Contact: Rebekah Pizana, ParentalRights.org, 540-751-1200
MEDIA ADVISORY, June 23 /Standard Newswire/ -- A U.S. District Court in Oakland last week struck down regulations in two California cities pitting international law against U.S. military policy. Judge Saundra Armstrong announced Thursday that based on briefs and other documents submitted to the court, the measures violate the Constitution in four ways, including subjecting federal government actions to local control and discriminating by prohibiting from federal agents actions "permitted for private persons."
"No matter the outcome, we are going to appeal to the 9th Circuit and possibly the Supreme Court," said Arcata counsel Brad Yamauchi.
At the heart of the case were local ordinances from Eureka and Arcata, two northern California cities that would prohibit U.S. armed services recruiters from initiating contact with minors under the age of 18 anywhere within city limits. The U.S. Department of Justice first filed suit against the towns, claiming that these Youth Protection Acts fail under Article VI of the Constitution, which makes federal law supreme over contradictory state or local legislation.
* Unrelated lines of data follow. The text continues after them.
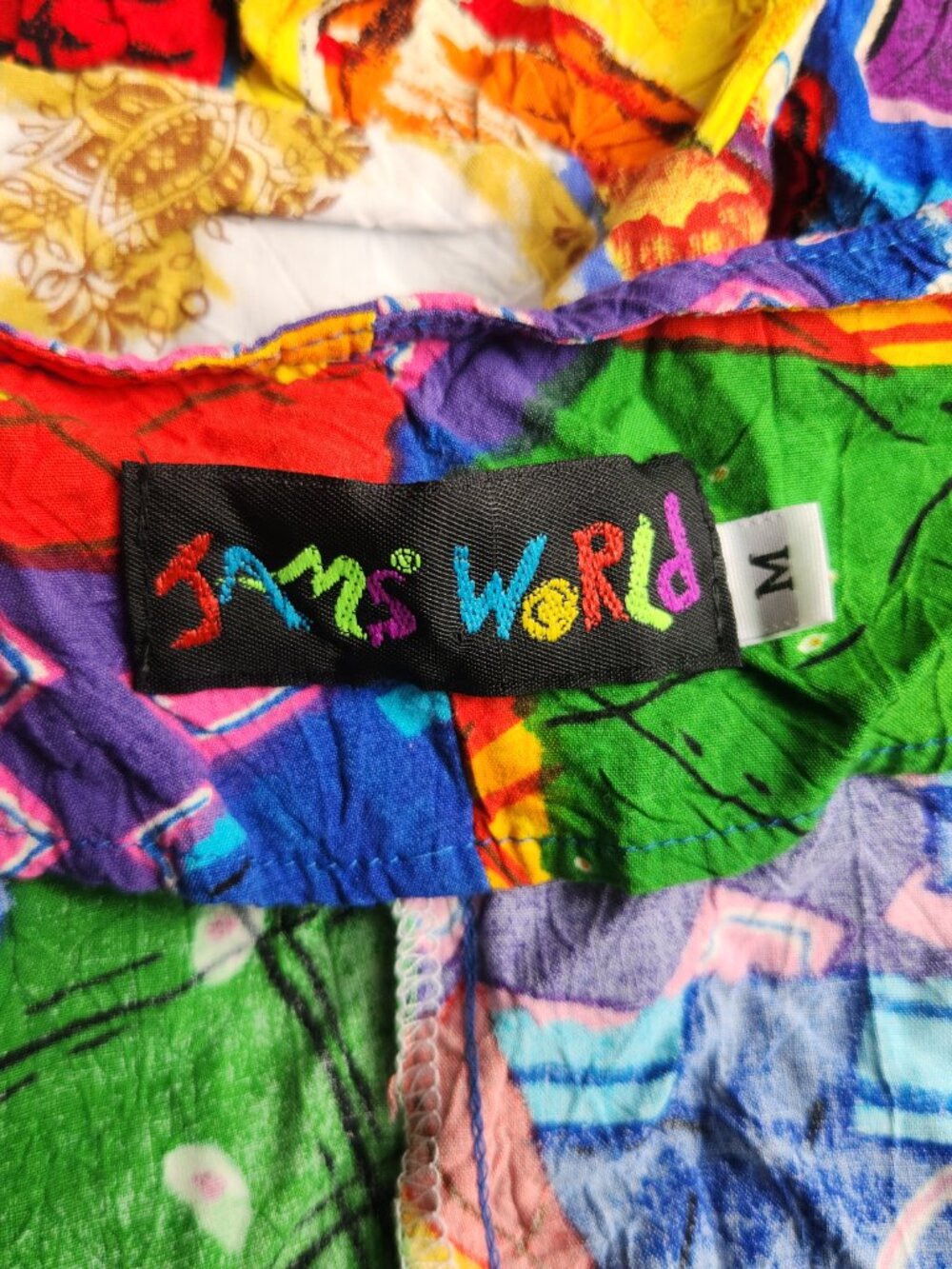 Vintage Jams World "Hattie" Drop Waist Patchwork Dress Medium Dopamine $135 - Picture 4 of 5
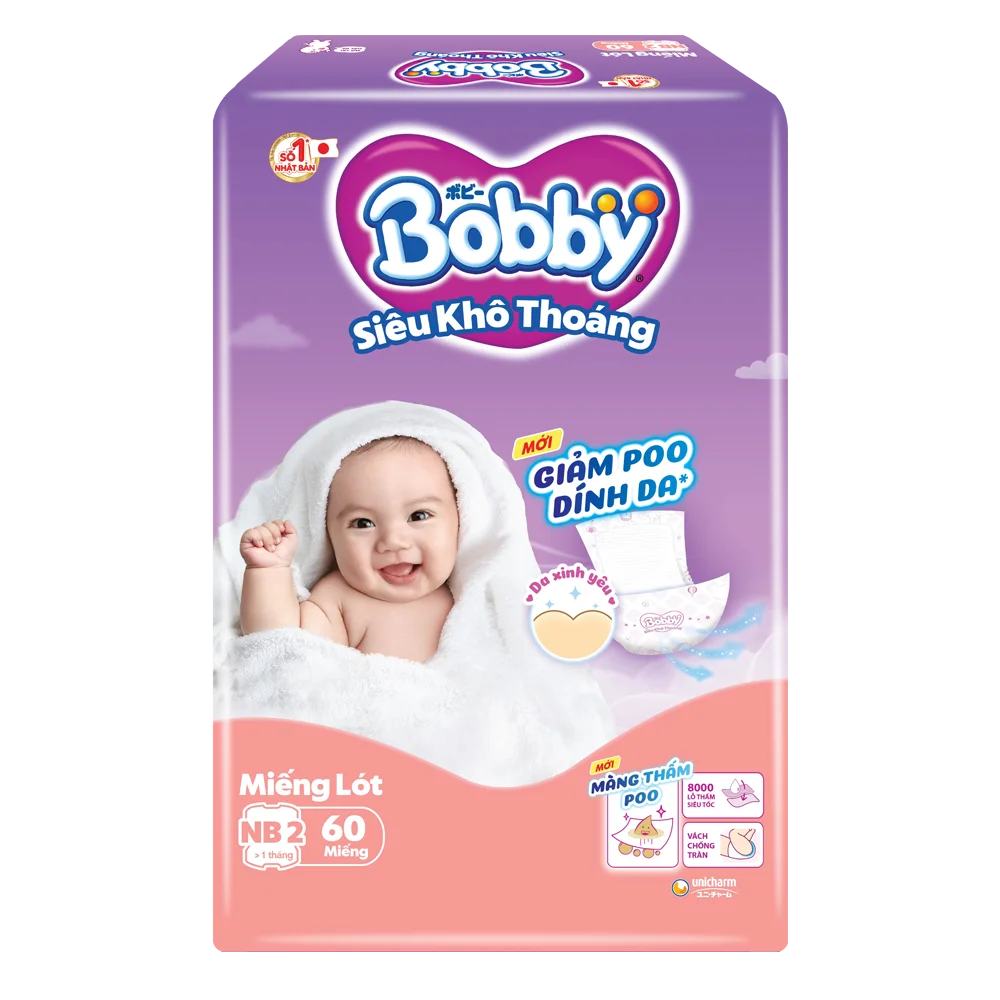 Miếng lót Bobby size Newborn 2 60 miếng (4-7kg) (giao bao bì ngẫu nhiên)
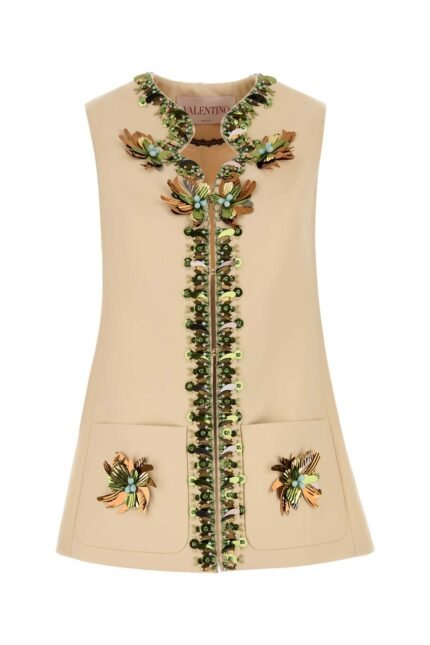 Cream wool blend vest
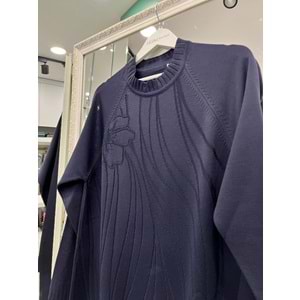 ADN KABARTMALI MERSERİZE TUNİK - LACİVERT - 1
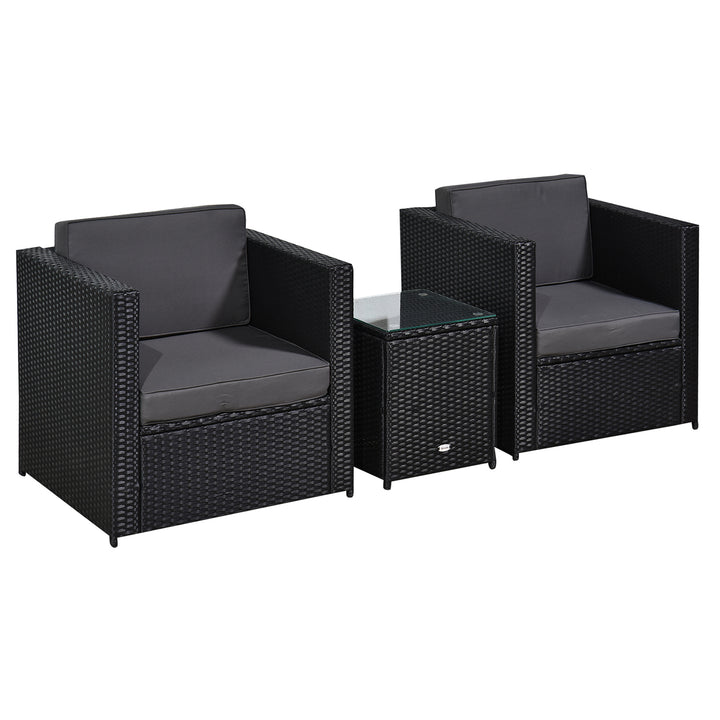 3 pcs PE Rattan Garden Furniture Patio Bistro Set Weave Conservatory Sofa Table and Chairs Set Black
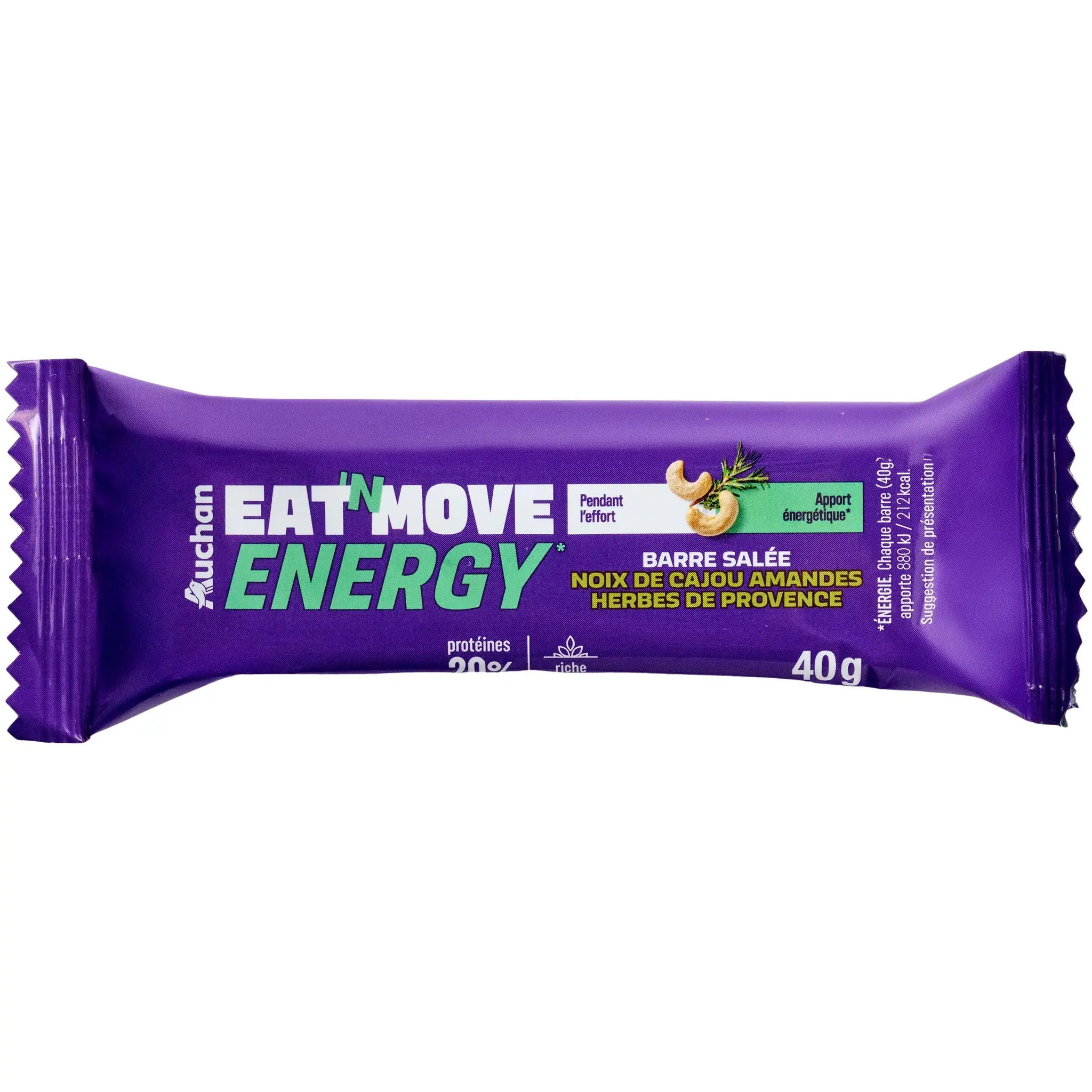 AUCHAN EAT'N MOVE Barre énergétique salée noix de cajou herbes de Provence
In response, the cities filed countersuits claiming that current military policy violates the Convention on the Rights of the Child's Optional Protocol on Children in Armed Conflict, which the U.S. ratified in 2002. (This is a separate but related treaty to the UN Convention on the Rights of the Child (CRC); the U.S. has not ratified the main CRC.)
"When the government enters into an international treaty or protocol, that becomes the law of the United States," said Yamauchi, also citing Article VI.
The cities claim that the U.S. military is in violation of the Protocol's prohibition on the recruiting of children for military service. Current federal law allows representatives of the armed services to educate high school and college students on military career options, alongside other educational and vocational recruiters at job fairs and the like. To actually enlist, however, one must be 18, or close to 18 with parental consent. This countersuit constitutes the first time since the 2002 ratification of the protocol that the federal government's compliance with the treaty has been legally questioned.
That this case arose at all is evidence of the threat that international law presents to our American way of life. Armstrong's decision is not likely to be the end, nor is it safe to guess how the 9th Circuit might rule if the case is appealed.
Should the full CRC be ratified, not only federal law, but even state, local and individual family decisions will come under the authority of the United Nations when children are involved. The Parental Rights Amendment proposed by Rep. Pete Hoekstra (MI), Sen. Jim DeMint (SC) and 95 additional Congressmen is the only guaranteed method to permanently stop international law from interfering with family and state laws.